## [PROBLEM TO SOLVE]
Reproduce the listing below character for character; drop every image.
*** Block opens ***
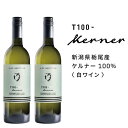 【ふるさと納税】栃尾ワインT100ケルナー　750ml　2本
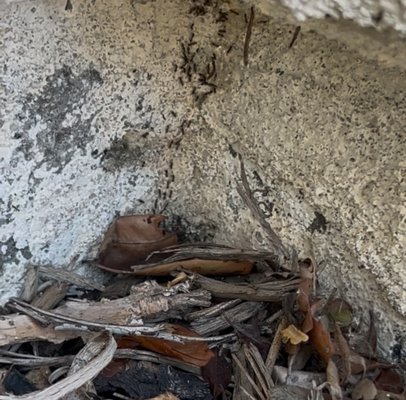 Ants in your pants, or in your kitchen! - Where Do Ants Come From and Why DIY Products Stop Working!
It’s one of the most common questions we hear: “Where did these ants come from?!”
The truth is, ants don’t just appear out of nowhere. They’re masters at finding ways inside your home through hidden entry points like cracks in the foundation, under the slab, around pipes, or even through electrical outlets. Once they discover food or water, they leave behind a scent trail, basically a map that guides the rest of the colony straight to the source.
And here’s the tricky part: even when you think you’ve gotten rid of them, that trail can remain for future colonies to follow.
Why DIY Products Don’t Cut It
Many homeowners start with store-bought sprays or baits. Sometimes they seem to work, especially in the beginning. But over time, ants develop resistance to those products. That means what may have worked before often stops working altogether.
Even more challenging, DIY sprays often make professional treatments harder. These products affect ants’ nervous systems and confuse them, disrupting their normal patterns. This makes it harder for pest control operators to track colonies and effectively eliminate them. In other words, trying to “spot fix” the problem with over-the-counter sprays can actually set back the process of real, lasting control.
How Professional Pest Control Makes the Difference
This is where professional pest control operators step in. We use advanced products and strategies that are designed not only to kill the ants you see , but also to eliminate the satellite colonies and the queens , stopping the problem at its source.
Operators also have a keen eye for locating the origins of colonies. While it’s not always possible to pinpoint them perfectly, experience and training give professionals a major advantage in identifying where the ants are coming from and how to cut off their access.
Our treatments also address those lingering scent trails. If you’re not on a service plan, a new colony in the yard can march right over the old trail and start the cycle all over again. With ongoing service, those trails are broken down and monitored, keeping new colonies from using them as a roadmap into your home.
The Long-Term Solution
Ant infestations are frustrating, and we understand why so many homeowners ask, “Where did they come from?” The answer is simple: ants are always looking for a way in. But the solution isn’t just spraying the ones you see, it’s about removing the colony, disrupting the trails, and keeping your home protected with a consistent plan.
That’s why staying on a professional service plan is the most effective long-term solution. You get peace of mind knowing that we’re not just solving today’s problem, we’re preventing tomorrow’s too. Ants in your pants, or in your kitchen! - Where Do Ants Come From and Why DIY Products Stop Working!
It’s one of the most common questions we hear: “Where did these ants come from?!”
The truth is, ants don’t just appear out of nowhere. They’re masters at finding ways inside your home through hidden entry points like cracks in the foundation, under the slab, around pipes, or even through electrical outlets. Once they discover food or water, they leave behind a scent trail, basically a map that guides the rest of the colony straight to the source.
And here’s the tricky part: even when you think you’ve gotten rid of them, that trail can remain for future colonies to follow.
Why DIY Products Don’t Cut It
Many homeowners start with store-bought sprays or baits. Sometimes they seem to work, especially in the beginning. But over time, ants develop resistance to those products. That means what may have worked before often stops working altogether.
Even more challenging, DIY sprays often make professional treatments harder. These products affect ants’ nervous systems and confuse them, disrupting their normal patterns. This makes it harder for pest control operators to track colonies and effectively eliminate them. In other words, trying to “spot fix” the problem with over-the-counter sprays can actually set back the process of real, lasting control.
How Professional Pest Control Makes the Difference
This is where professional pest control operators step in. We use advanced products and strategies that are designed not only to kill the ants you see , but also to eliminate the satellite colonies and the queens , stopping the problem at its source.
Operators also have a keen eye for locating the origins of colonies. While it’s not always possible to pinpoint them perfectly, experience and training give professionals a major advantage in identifying where the ants are coming from and how to cut off their access.
Our treatments also address those lingering scent trails. If you’re not on a service plan, a new colony in the yard can march right over the old trail and start the cycle all over again. With ongoing service, those trails are broken down and monitored, keeping new colonies from using them as a roadmap into your home.
The Long-Term Solution
Ant infestations are frustrating, and we understand why so many homeowners ask, “Where did they come from?” The answer is simple: ants are always looking for a way in. But the solution isn’t just spraying the ones you see, it’s about removing the colony, disrupting the trails, and keeping your home protected with a consistent plan.
That’s why staying on a professional service plan is the most effective long-term solution. You get peace of mind knowing that we’re not just solving today’s problem, we’re preventing tomorrow’s too.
*** Block closes ***
## [OUTPUT BELOW]
 【ふるさと納税】栃尾ワインT100ケルナー　750ml　2本
 Ants in your pants, or in your kitchen! - Where Do Ants Come From and Why DIY Products Stop Working!
It’s one of the most common questions we hear: “Where did these ants come from?!”
The truth is, ants don’t just appear out of nowhere. They’re masters at finding ways inside your home through hidden entry points like cracks in the foundation, under the slab, around pipes, or even through electrical outlets. Once they discover food or water, they leave behind a scent trail, basically a map that guides the rest of the colony straight to the source.
And here’s the tricky part: even when you think you’ve gotten rid of them, that trail can remain for future colonies to follow.
Why DIY Products Don’t Cut It
Many homeowners start with store-bought sprays or baits. Sometimes they seem to work, especially in the beginning. But over time, ants develop resistance to those products. That means what may have worked before often stops working altogether.
Even more challenging, DIY sprays often make professional treatments harder. These products affect ants’ nervous systems and confuse them, disrupting their normal patterns. This makes it harder for pest control operators to track colonies and effectively eliminate them. In other words, trying to “spot fix” the problem with over-the-counter sprays can actually set back the process of real, lasting control.
How Professional Pest Control Makes the Difference
This is where professional pest control operators step in. We use advanced products and strategies that are designed not only to kill the ants you see , but also to eliminate the satellite colonies and the queens , stopping the problem at its source.
Operators also have a keen eye for locating the origins of colonies. While it’s not always possible to pinpoint them perfectly, experience and training give professionals a major advantage in identifying where the ants are coming from and how to cut off their access.
Our treatments also address those lingering scent trails. If you’re not on a service plan, a new colony in the yard can march right over the old trail and start the cycle all over again. With ongoing service, those trails are broken down and monitored, keeping new colonies from using them as a roadmap into your home.
The Long-Term Solution
Ant infestations are frustrating, and we understand why so many homeowners ask, “Where did they come from?” The answer is simple: ants are always looking for a way in. But the solution isn’t just spraying the ones you see, it’s about removing the colony, disrupting the trails, and keeping your home protected with a consistent plan.
That’s why staying on a professional service plan is the most effective long-term solution. You get peace of mind knowing that we’re not just solving today’s problem, we’re preventing tomorrow’s too. Ants in your pants, or in your kitchen! - Where Do Ants Come From and Why DIY Products Stop Working!
It’s one of the most common questions we hear: “Where did these ants come from?!”
The truth is, ants don’t just appear out of nowhere. They’re masters at finding ways inside your home through hidden entry points like cracks in the foundation, under the slab, around pipes, or even through electrical outlets. Once they discover food or water, they leave behind a scent trail, basically a map that guides the rest of the colony straight to the source.
And here’s the tricky part: even when you think you’ve gotten rid of them, that trail can remain for future colonies to follow.
Why DIY Products Don’t Cut It
Many homeowners start with store-bought sprays or baits. Sometimes they seem to work, especially in the beginning. But over time, ants develop resistance to those products. That means what may have worked before often stops working altogether.
Even more challenging, DIY sprays often make professional treatments harder. These products affect ants’ nervous systems and confuse them, disrupting their normal patterns. This makes it harder for pest control operators to track colonies and effectively eliminate them. In other words, trying to “spot fix” the problem with over-the-counter sprays can actually set back the process of real, lasting control.
How Professional Pest Control Makes the Difference
This is where professional pest control operators step in. We use advanced products and strategies that are designed not only to kill the ants you see , but also to eliminate the satellite colonies and the queens , stopping the problem at its source.
Operators also have a keen eye for locating the origins of colonies. While it’s not always possible to pinpoint them perfectly, experience and training give professionals a major advantage in identifying where the ants are coming from and how to cut off their access.
Our treatments also address those lingering scent trails. If you’re not on a service plan, a new colony in the yard can march right over the old trail and start the cycle all over again. With ongoing service, those trails are broken down and monitored, keeping new colonies from using them as a roadmap into your home.
The Long-Term Solution
Ant infestations are frustrating, and we understand why so many homeowners ask, “Where did they come from?” The answer is simple: ants are always looking for a way in. But the solution isn’t just spraying the ones you see, it’s about removing the colony, disrupting the trails, and keeping your home protected with a consistent plan.
That’s why staying on a professional service plan is the most effective long-term solution. You get peace of mind knowing that we’re not just solving today’s problem, we’re preventing tomorrow’s too.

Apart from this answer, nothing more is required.